Which toothpaste should I use

Healthy in the mouth: which dental care is the right one?

How often and for how long should you brush your teeth?

A biofilm consisting of bacteria, the so-called plaque, continuously forms on the teeth through saliva and food residues. The bacteria produce acids that attack the tooth surface. The most effective way to remove these deposits is through mechanical cleaning, i.e. by brushing the teeth and the spaces between the teeth.

The recommendation of the German Dental Association for correct oral hygiene is: Brush your teeth twice a day for at least two to three minutes with a fluoride-containing toothpaste and clean the spaces between the teeth once a day.

What are the real benefits of dental floss and interdental brushes?

The benefits of floss are currently being discussed. The criticism, however, relates primarily to the study situation, which does not sufficiently confirm the actual effectiveness of dental floss. The German Dental Association emphasizes that it cannot be inferred from this, however, that less thorough dental care is also sufficient. Rather, dental floss remains a key tool for cleaning the interdental spaces and removing bacterial deposits from the tooth surface.

Because brushing with a toothbrush only cleans around 70 percent of the tooth surface. What the bristles do not achieve sufficiently are the often narrow spaces between the teeth, which are therefore particularly prone to tooth decay and periodontitis.

This is why they should be thoroughly cleaned of food residues and bacterial biofilm once a day. The use of dental floss is recommended for narrow interdental spaces; interdental brushes are well suited for larger ones. In both cases, you should have your dentist show you how to use the tools effectively without harming the gums.

Do mouthwashes attack your teeth?

A mouthwash solution can be used to support dental care - but it will not replace mechanical cleaning, i.e. brushing the teeth and the spaces between the teeth.

Important: When it comes to mouth rinsing, a distinction must be made between medically effective mouth rinses and mouthwashes that are only intended to develop a feeling of freshness. Medicinal mouthwashes contain the antiseptic chlorhexidine in concentrations between 0.1 and 0.2 percent. And that can cause discoloration and taste irritation. Allergies to chlorhexidine are also known. Long-term use at this dosage can also disturb the balance of the bacterial flora in the oral cavity, which is why mouth rinsing solutions with this active ingredient should only be used temporarily and only under the instructions of the dentist.

Are fluoride tablets and toothpastes containing fluoride useful?

A supplementary supply of fluoride makes sense as early as infancy when the first milk tooth erupts. Since fluoride mainly works locally on the tooth surface, fluoride tablets are actually the best solution. Sucking is usually difficult for small children, which is why fluoride-containing children's toothpastes and the use of fluoride-containing table salt in the kitchen make more sense at this age.

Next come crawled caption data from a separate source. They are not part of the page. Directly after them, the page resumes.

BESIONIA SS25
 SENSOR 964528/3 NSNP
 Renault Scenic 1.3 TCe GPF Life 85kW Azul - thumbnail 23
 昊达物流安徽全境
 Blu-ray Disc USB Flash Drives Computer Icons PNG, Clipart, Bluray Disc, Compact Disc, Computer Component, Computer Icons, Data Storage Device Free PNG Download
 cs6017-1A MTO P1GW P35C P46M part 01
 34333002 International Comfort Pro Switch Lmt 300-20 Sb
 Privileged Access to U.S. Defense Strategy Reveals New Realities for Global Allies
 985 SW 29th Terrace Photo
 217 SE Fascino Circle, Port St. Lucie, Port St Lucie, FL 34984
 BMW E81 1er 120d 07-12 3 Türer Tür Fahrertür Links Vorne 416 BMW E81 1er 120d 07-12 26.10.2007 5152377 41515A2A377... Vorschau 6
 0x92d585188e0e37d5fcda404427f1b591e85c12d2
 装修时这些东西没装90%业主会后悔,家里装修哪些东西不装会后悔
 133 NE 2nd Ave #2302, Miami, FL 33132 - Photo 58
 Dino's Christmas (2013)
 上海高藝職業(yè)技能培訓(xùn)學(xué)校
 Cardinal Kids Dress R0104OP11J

From the age of six, the German Dental Association recommends toothpastes containing fluoride (then children can use toothpastes for adults). Studies show that their use has significantly reduced tooth decay.

Tip from the German Dental Association: spit out the toothpaste foam after brushing your teeth, but do not rinse out your mouth completely so that the fluoride it contains can continue to work on the tooth surface.

Do whitening toothpaste and chewing gum harm your teeth?

The lightening is achieved on the one hand by the abrasives it contains and on the other by bleaching substances such as hydrogen peroxide preparations. However, these are found in toothpastes and chewing gum in such low concentrations that they have no detectable effect. The abrasive tools can attack the tooth enamel due to the friction, which is why such preparations should not be used on a daily basis.

Should the tongue also be cleaned?

Bacteria collect and multiply easily on the surface of the tongue. So it makes perfect sense to also take the tongue into account during your tooth brushing routine. Whether with a toothbrush or a tongue scraper - it doesn't matter. Cleansing the tongue helps reduce the number of bacteria in the entire oral cavity.